┌─ EXCERPTED RECORDS

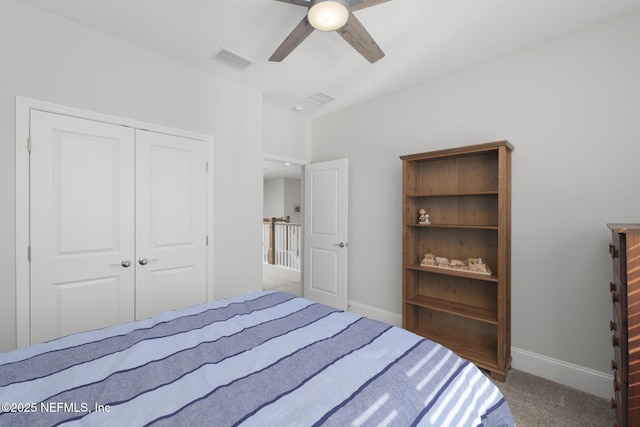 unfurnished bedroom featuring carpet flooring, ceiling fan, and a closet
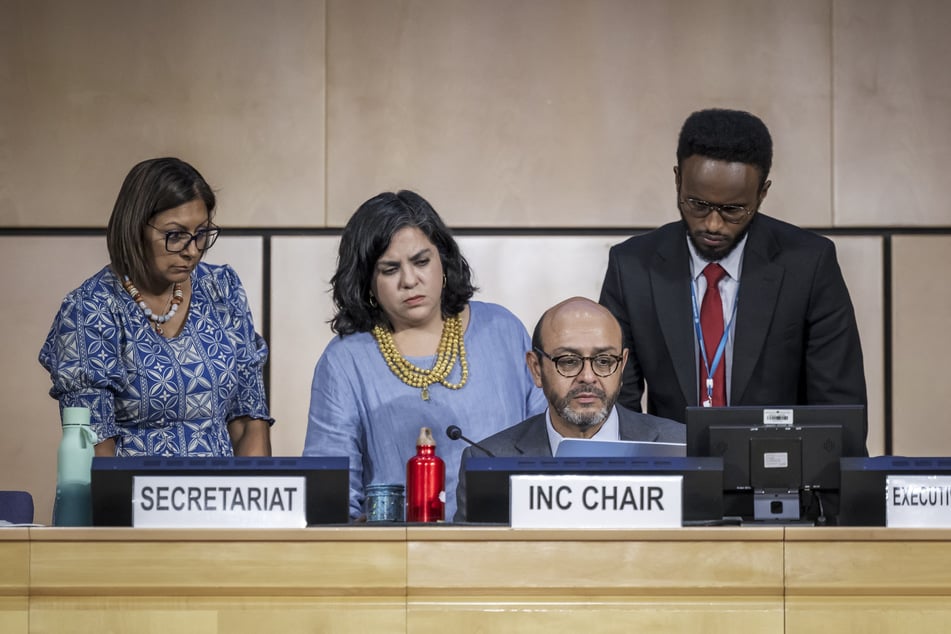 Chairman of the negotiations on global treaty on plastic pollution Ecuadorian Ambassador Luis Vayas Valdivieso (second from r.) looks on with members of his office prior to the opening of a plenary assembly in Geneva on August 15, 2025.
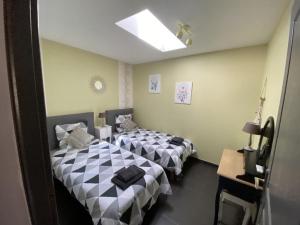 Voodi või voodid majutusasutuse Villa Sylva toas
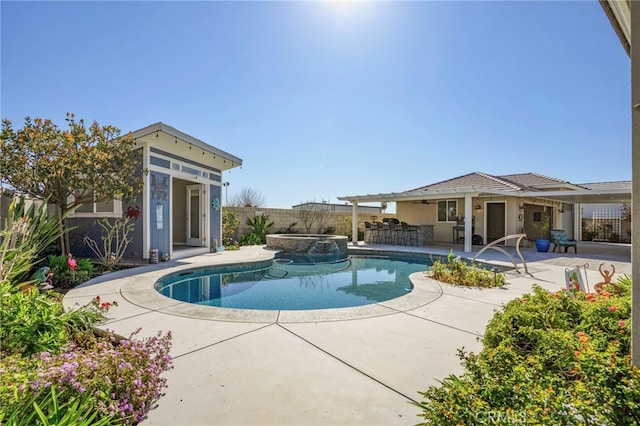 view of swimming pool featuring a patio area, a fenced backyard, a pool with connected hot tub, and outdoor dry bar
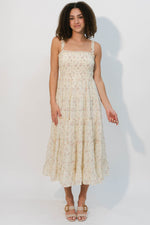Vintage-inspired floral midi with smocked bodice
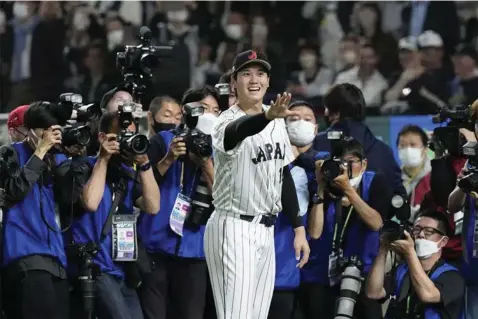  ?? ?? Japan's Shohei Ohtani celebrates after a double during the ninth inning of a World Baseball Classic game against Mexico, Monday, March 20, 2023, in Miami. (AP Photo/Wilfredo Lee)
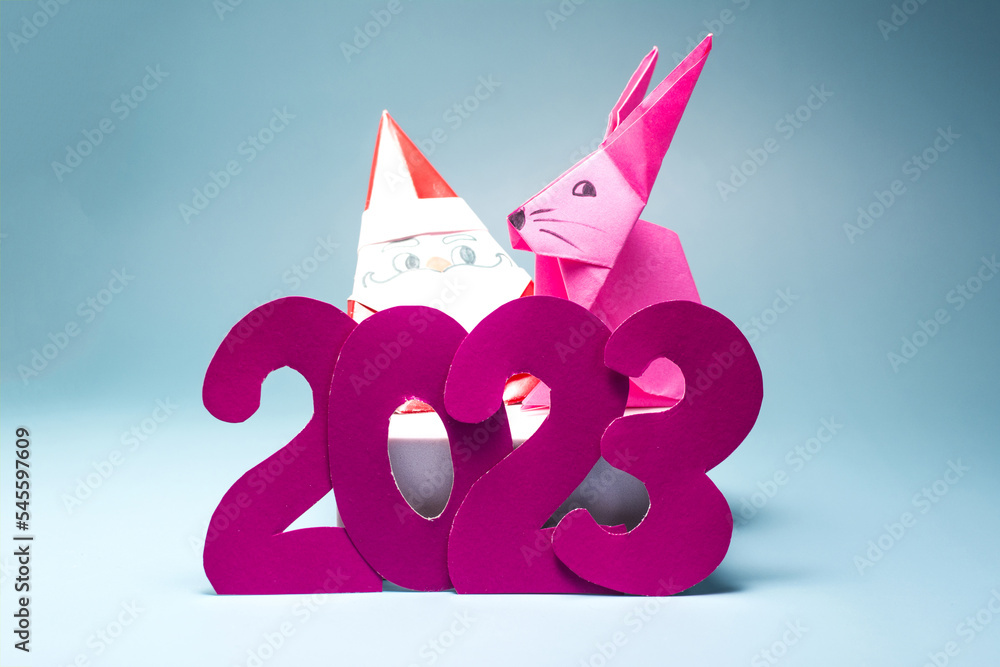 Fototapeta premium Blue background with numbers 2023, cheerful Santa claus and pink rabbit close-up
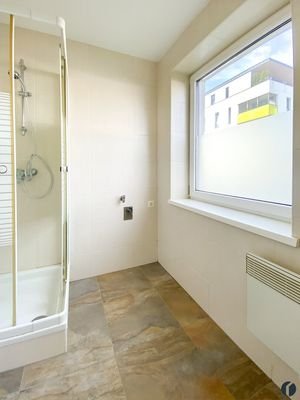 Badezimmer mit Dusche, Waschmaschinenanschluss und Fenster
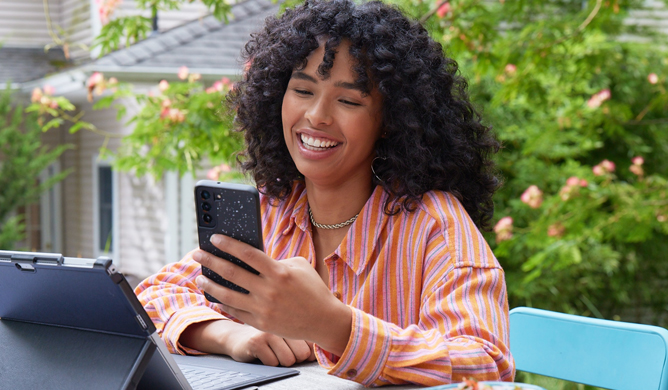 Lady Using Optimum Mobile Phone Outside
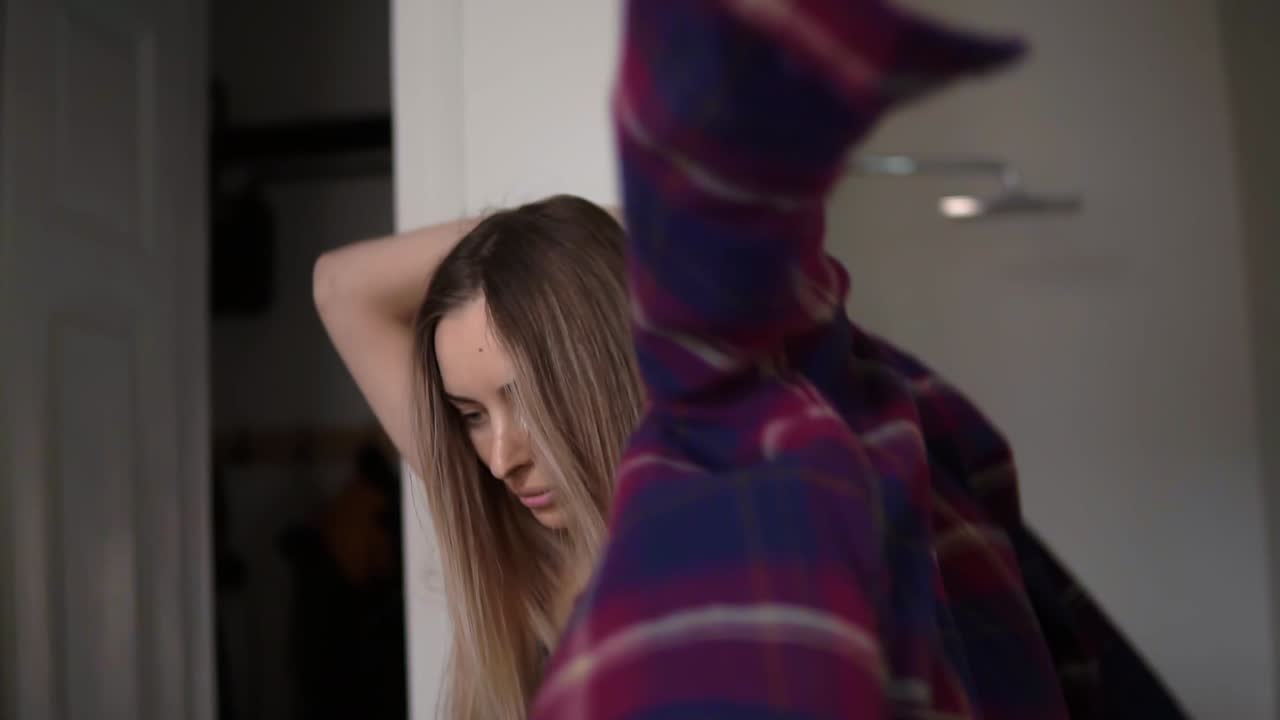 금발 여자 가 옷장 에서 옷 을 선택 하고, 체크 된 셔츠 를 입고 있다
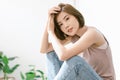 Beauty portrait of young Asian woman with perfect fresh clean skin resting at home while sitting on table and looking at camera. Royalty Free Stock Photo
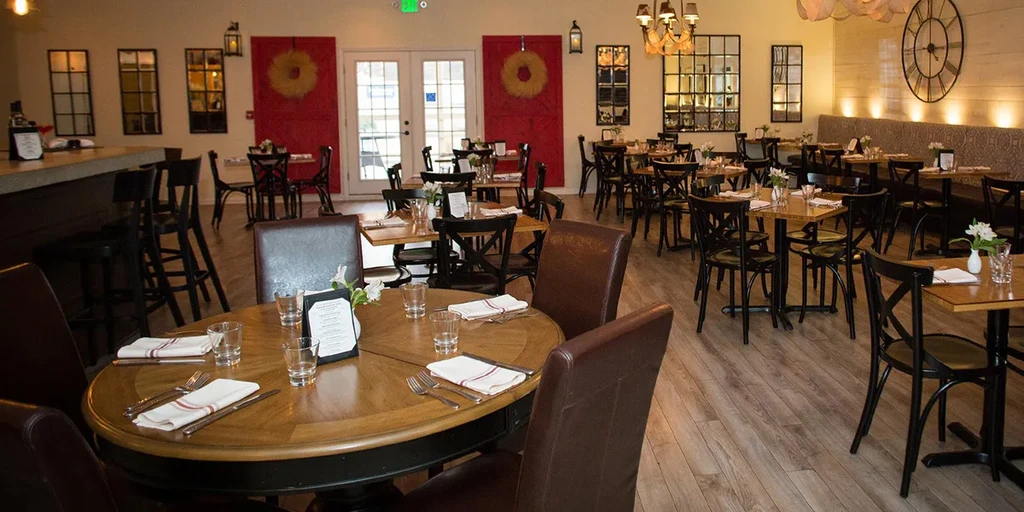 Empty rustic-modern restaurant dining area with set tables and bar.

└─
┌─ EXCERPTED RECORDS

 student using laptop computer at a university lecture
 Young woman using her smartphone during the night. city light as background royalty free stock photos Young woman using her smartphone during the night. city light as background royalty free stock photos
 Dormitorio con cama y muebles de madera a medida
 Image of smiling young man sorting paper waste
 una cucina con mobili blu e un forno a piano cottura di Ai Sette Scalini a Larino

└─

◆ **ACTIVITY**: Leaving all pictures out, output exactly the lines of the material above from the line with "unfurnished bedroom featuring" to the line with "Voodi või voodid", both included.

◆ **ANSWER BOX**:
 unfurnished bedroom featuring carpet flooring, ceiling fan, and a closet
 Chairman of the negotiations on global treaty on plastic pollution Ecuadorian Ambassador Luis Vayas Valdivieso (second from r.) looks on with members of his office prior to the opening of a plenary assembly in Geneva on August 15, 2025.
 Voodi või voodid majutusasutuse Villa Sylva toas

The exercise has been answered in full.